### Work to be completed
A complete, word-for-word restatement of the entries is needed.
+++++
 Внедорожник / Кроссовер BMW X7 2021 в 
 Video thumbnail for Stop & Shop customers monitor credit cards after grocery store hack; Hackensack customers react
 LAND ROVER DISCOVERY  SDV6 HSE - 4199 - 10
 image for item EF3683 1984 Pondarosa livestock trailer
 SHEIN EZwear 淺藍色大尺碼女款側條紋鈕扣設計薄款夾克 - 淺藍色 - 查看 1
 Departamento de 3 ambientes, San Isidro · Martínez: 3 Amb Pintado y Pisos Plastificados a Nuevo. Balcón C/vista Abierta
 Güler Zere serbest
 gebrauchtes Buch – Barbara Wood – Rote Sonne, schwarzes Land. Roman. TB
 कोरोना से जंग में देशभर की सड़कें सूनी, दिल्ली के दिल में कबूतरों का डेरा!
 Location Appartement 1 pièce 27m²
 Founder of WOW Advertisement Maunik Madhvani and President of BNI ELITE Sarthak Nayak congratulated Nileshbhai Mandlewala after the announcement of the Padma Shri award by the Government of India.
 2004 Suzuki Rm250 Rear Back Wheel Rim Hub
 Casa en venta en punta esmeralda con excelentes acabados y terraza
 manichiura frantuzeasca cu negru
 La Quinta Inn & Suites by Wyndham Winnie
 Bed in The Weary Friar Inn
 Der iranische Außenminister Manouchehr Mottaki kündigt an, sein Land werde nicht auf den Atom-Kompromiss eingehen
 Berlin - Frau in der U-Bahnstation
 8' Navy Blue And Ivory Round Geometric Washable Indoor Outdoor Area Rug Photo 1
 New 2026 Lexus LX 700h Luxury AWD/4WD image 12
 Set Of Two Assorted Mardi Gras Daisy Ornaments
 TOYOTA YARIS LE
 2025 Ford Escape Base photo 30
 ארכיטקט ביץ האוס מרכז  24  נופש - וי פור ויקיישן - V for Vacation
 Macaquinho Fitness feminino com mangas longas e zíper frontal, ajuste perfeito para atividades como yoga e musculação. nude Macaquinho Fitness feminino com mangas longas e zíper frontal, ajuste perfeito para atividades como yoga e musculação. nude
+++++
### Reply to the exercise
 Внедорожник / Кроссовер BMW X7 2021 в 
 Video thumbnail for Stop & Shop customers monitor credit cards after grocery store hack; Hackensack customers react
 LAND ROVER DISCOVERY  SDV6 HSE - 4199 - 10
 image for item EF3683 1984 Pondarosa livestock trailer
 SHEIN EZwear 淺藍色大尺碼女款側條紋鈕扣設計薄款夾克 - 淺藍色 - 查看 1
 Departamento de 3 ambientes, San Isidro · Martínez: 3 Amb Pintado y Pisos Plastificados a Nuevo. Balcón C/vista Abierta
 Güler Zere serbest
 gebrauchtes Buch – Barbara Wood – Rote Sonne, schwarzes Land. Roman. TB
 कोरोना से जंग में देशभर की सड़कें सूनी, दिल्ली के दिल में कबूतरों का डेरा!
 Location Appartement 1 pièce 27m²
 Founder of WOW Advertisement Maunik Madhvani and President of BNI ELITE Sarthak Nayak congratulated Nileshbhai Mandlewala after the announcement of the Padma Shri award by the Government of India.
 2004 Suzuki Rm250 Rear Back Wheel Rim Hub
 Casa en venta en punta esmeralda con excelentes acabados y terraza
 manichiura frantuzeasca cu negru
 La Quinta Inn & Suites by Wyndham Winnie
 Bed in The Weary Friar Inn
 Der iranische Außenminister Manouchehr Mottaki kündigt an, sein Land werde nicht auf den Atom-Kompromiss eingehen
 Berlin - Frau in der U-Bahnstation
 8' Navy Blue And Ivory Round Geometric Washable Indoor Outdoor Area Rug Photo 1
 New 2026 Lexus LX 700h Luxury AWD/4WD image 12
 Set Of Two Assorted Mardi Gras Daisy Ornaments
 TOYOTA YARIS LE
 2025 Ford Escape Base photo 30
 ארכיטקט ביץ האוס מרכז  24  נופש - וי פור ויקיישן - V for Vacation
 Macaquinho Fitness feminino com mangas longas e zíper frontal, ajuste perfeito para atividades como yoga e musculação. nude Macaquinho Fitness feminino com mangas longas e zíper frontal, ajuste perfeito para atividades como yoga e musculação. nude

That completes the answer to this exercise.